> _Task to carry out_
Please return the lines below verbatim, beginning at the one that has "Gorra Salvadoreña SV Bordada con Torogoz" and stopping after the one that has "Rothco Short Sleeve Uniform Shirt", and add no other lines.

> _Data for review_
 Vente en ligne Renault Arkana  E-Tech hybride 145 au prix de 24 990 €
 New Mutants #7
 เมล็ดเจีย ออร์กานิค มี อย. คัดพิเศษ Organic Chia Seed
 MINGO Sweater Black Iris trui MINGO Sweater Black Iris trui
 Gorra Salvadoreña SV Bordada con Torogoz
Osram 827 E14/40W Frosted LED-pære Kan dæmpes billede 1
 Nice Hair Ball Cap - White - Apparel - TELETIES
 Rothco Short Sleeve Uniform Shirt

==

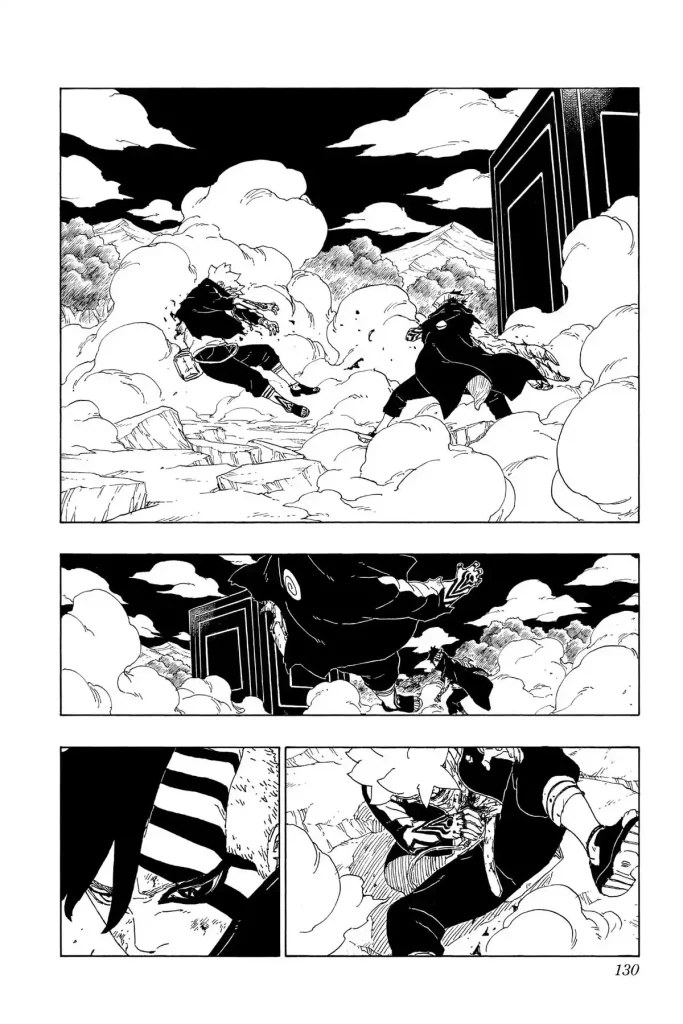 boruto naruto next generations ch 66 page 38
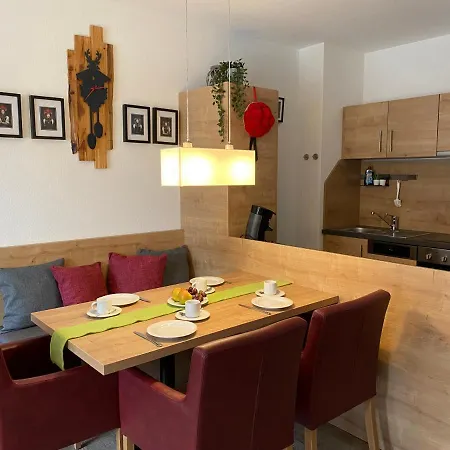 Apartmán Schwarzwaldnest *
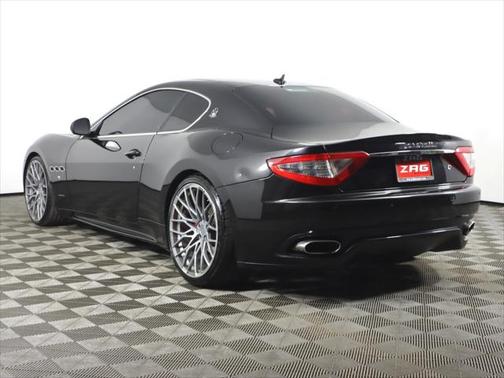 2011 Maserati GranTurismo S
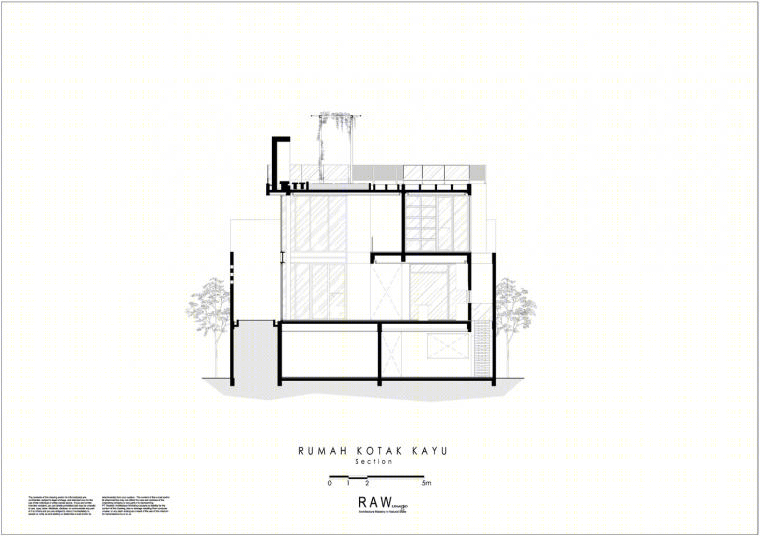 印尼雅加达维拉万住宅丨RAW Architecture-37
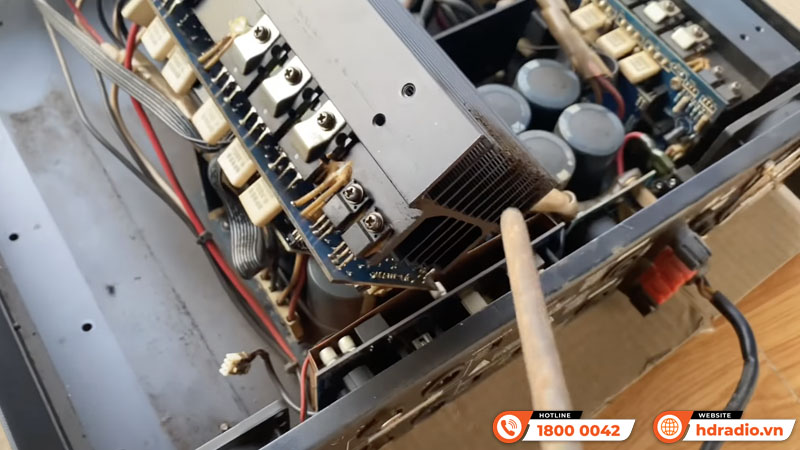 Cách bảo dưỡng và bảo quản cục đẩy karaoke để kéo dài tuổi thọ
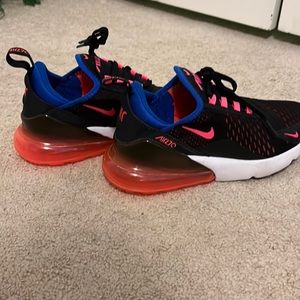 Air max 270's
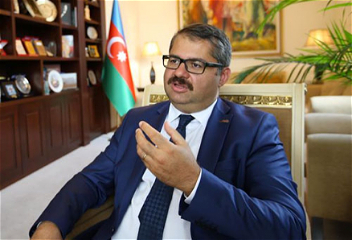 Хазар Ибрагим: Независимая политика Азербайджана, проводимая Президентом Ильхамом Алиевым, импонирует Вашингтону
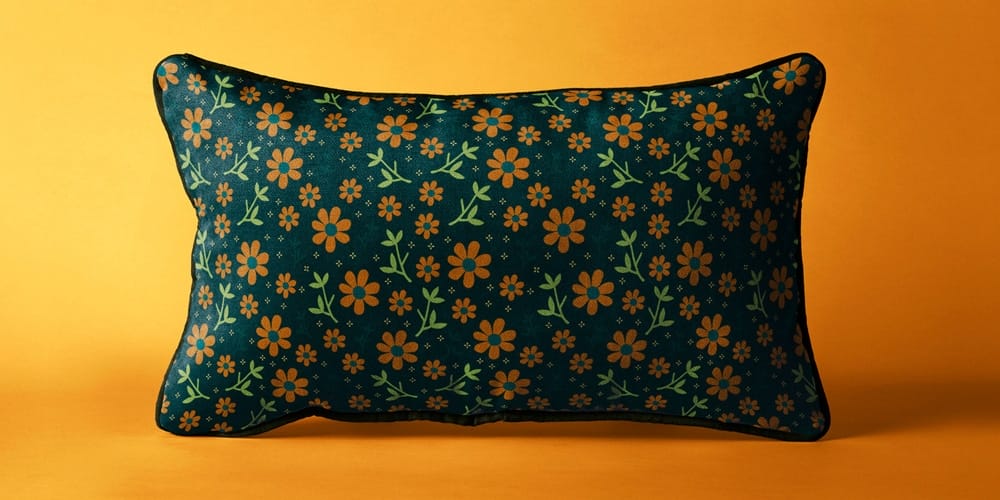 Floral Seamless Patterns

---

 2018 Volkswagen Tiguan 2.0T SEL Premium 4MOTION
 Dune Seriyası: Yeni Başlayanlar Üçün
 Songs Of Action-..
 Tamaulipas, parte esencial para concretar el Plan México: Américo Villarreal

> _Response box_
 Gorra Salvadoreña SV Bordada con Torogoz
Osram 827 E14/40W Frosted LED-pære Kan dæmpes billede 1
 Nice Hair Ball Cap - White - Apparel - TELETIES
 Rothco Short Sleeve Uniform Shirt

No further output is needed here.